### [Recorded data]

*-*-*

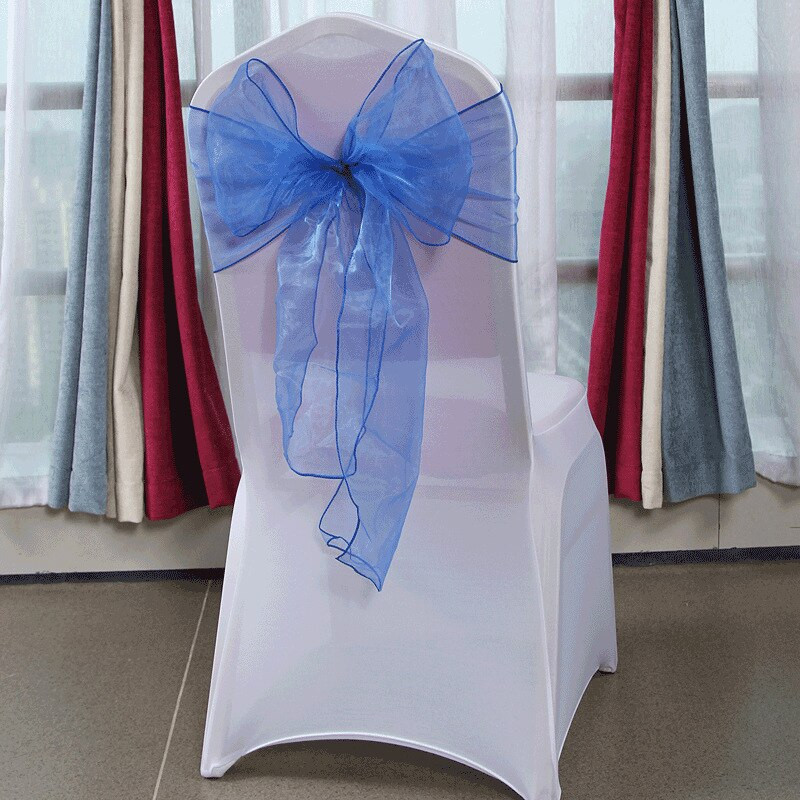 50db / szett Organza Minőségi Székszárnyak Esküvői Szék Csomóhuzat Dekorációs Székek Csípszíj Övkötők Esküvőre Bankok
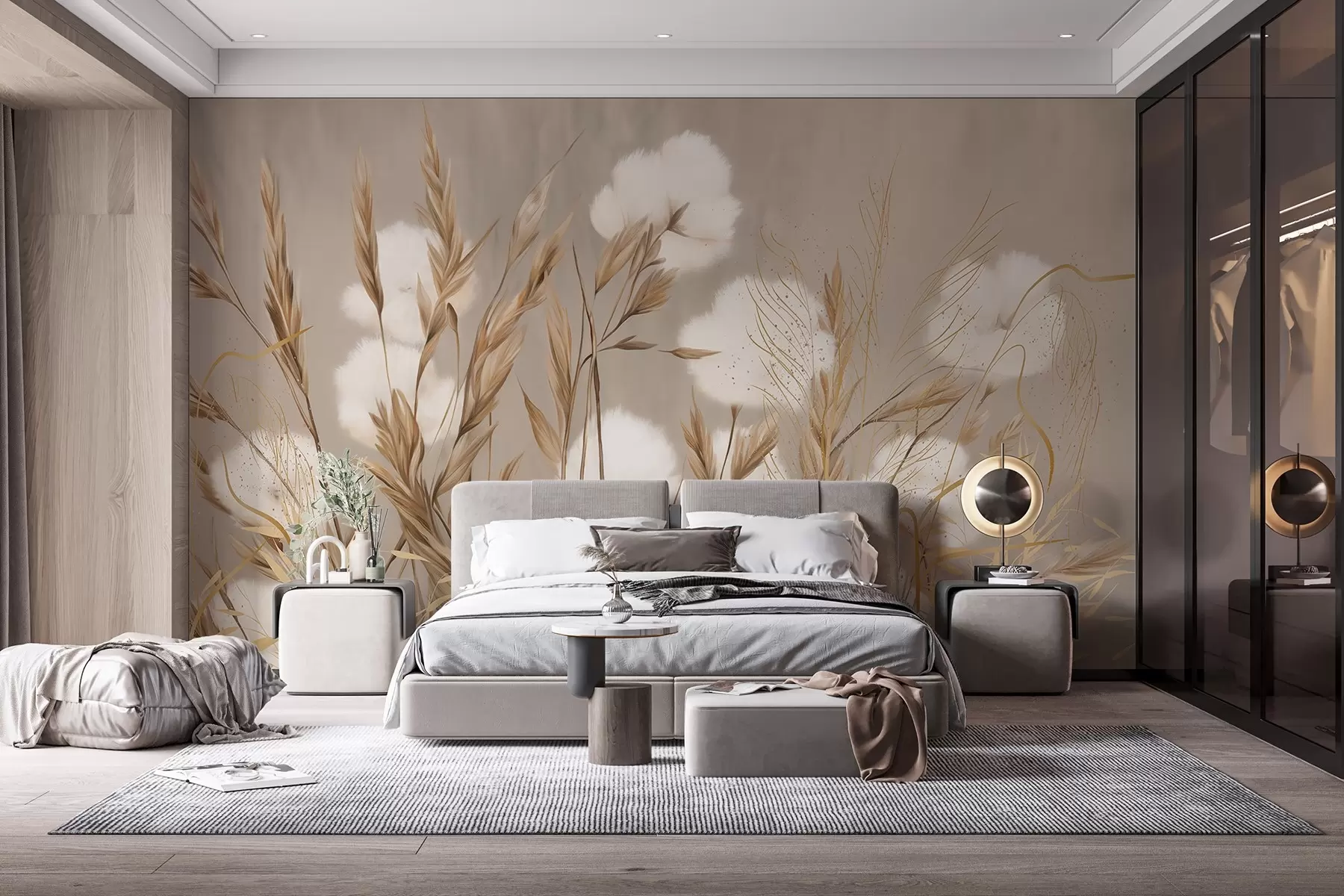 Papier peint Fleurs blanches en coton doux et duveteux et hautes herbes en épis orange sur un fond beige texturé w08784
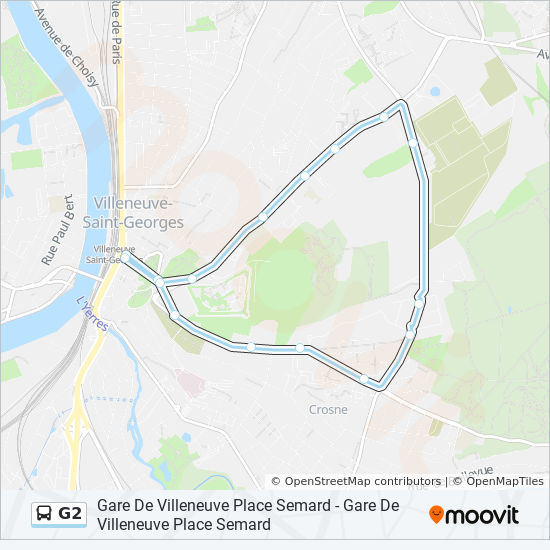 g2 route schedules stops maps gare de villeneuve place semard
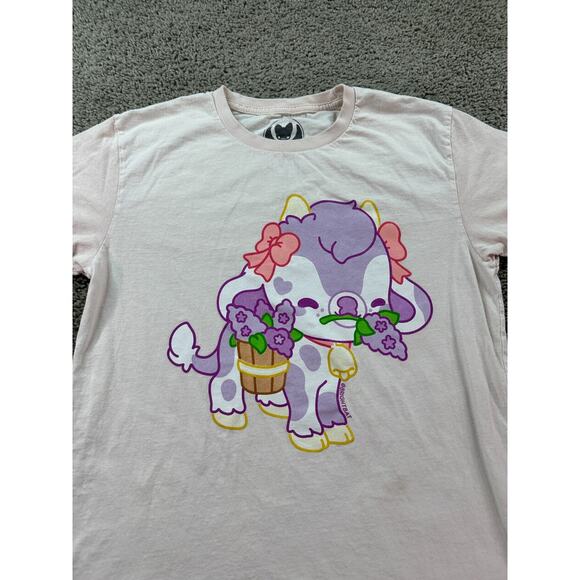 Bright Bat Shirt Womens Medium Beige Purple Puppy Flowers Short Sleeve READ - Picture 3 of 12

*-*-*

### [What the task asks]
Once the pictures are set aside, repeat the remaining data word for word.

### [Result of the exercise]
 50db / szett Organza Minőségi Székszárnyak Esküvői Szék Csomóhuzat Dekorációs Székek Csípszíj Övkötők Esküvőre Bankok
 Papier peint Fleurs blanches en coton doux et duveteux et hautes herbes en épis orange sur un fond beige texturé w08784
 g2 route schedules stops maps gare de villeneuve place semard
 Bright Bat Shirt Womens Medium Beige Purple Puppy Flowers Short Sleeve READ - Picture 3 of 12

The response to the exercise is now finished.